* Required work *
The answer is the line with "Progressive, Progressive Perfect" and every line after it to the end of the listing, retyped exactly. Pictures do not belong in it.
------ Input data ------
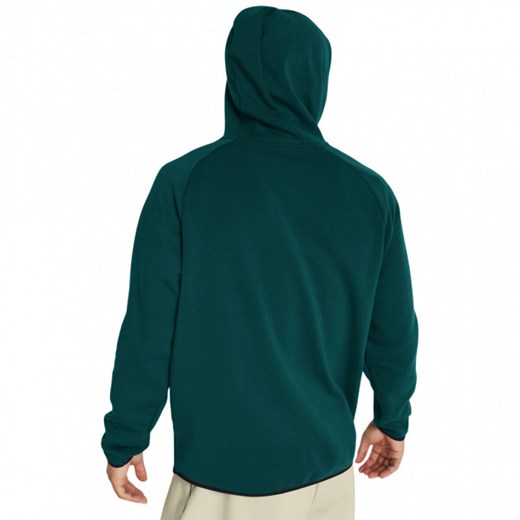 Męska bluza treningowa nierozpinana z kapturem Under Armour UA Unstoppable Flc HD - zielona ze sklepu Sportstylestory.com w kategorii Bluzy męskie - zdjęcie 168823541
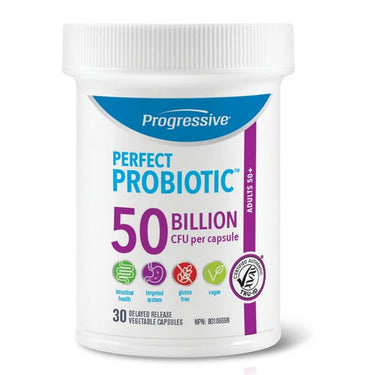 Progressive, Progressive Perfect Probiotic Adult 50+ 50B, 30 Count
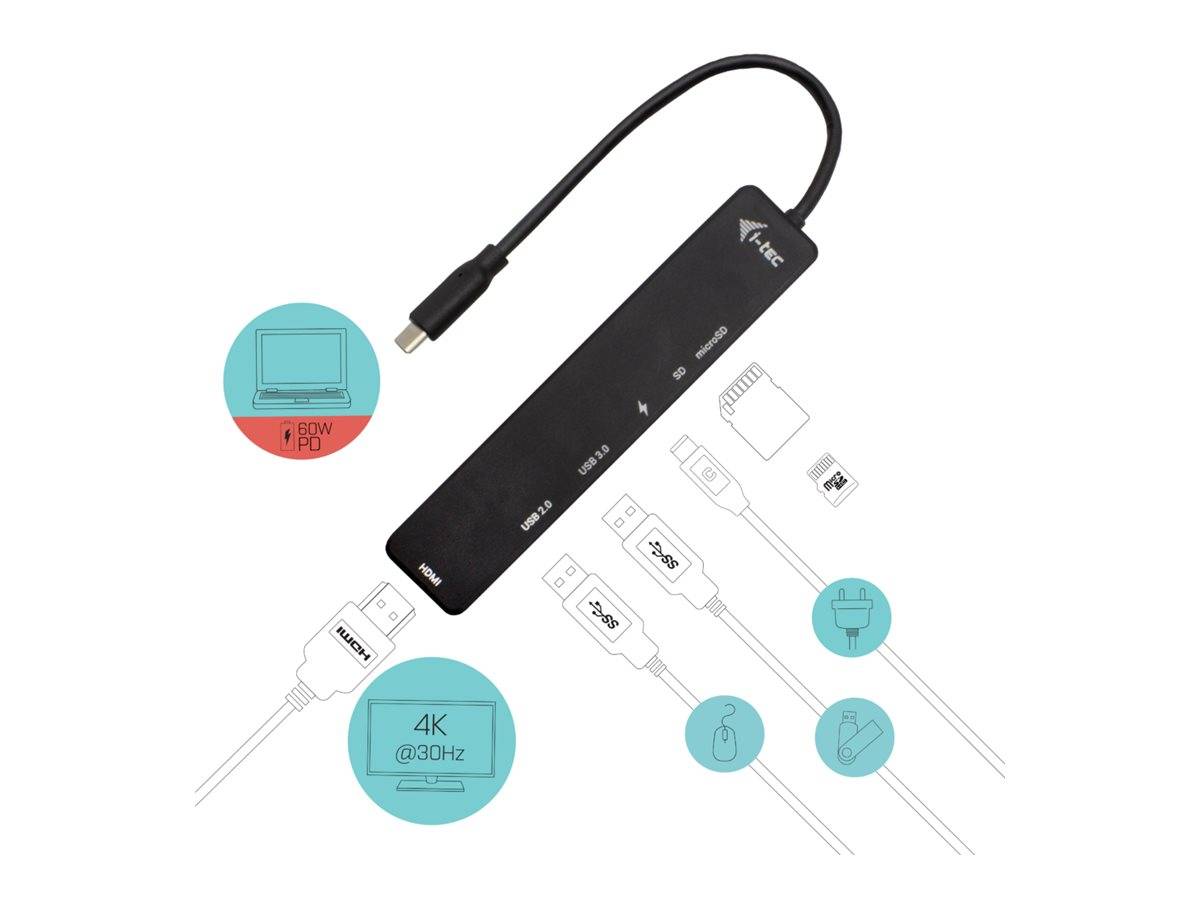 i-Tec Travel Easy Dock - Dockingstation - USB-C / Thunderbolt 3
------
* Task response *
 Progressive, Progressive Perfect Probiotic Adult 50+ 50B, 30 Count
 i-Tec Travel Easy Dock - Dockingstation - USB-C / Thunderbolt 3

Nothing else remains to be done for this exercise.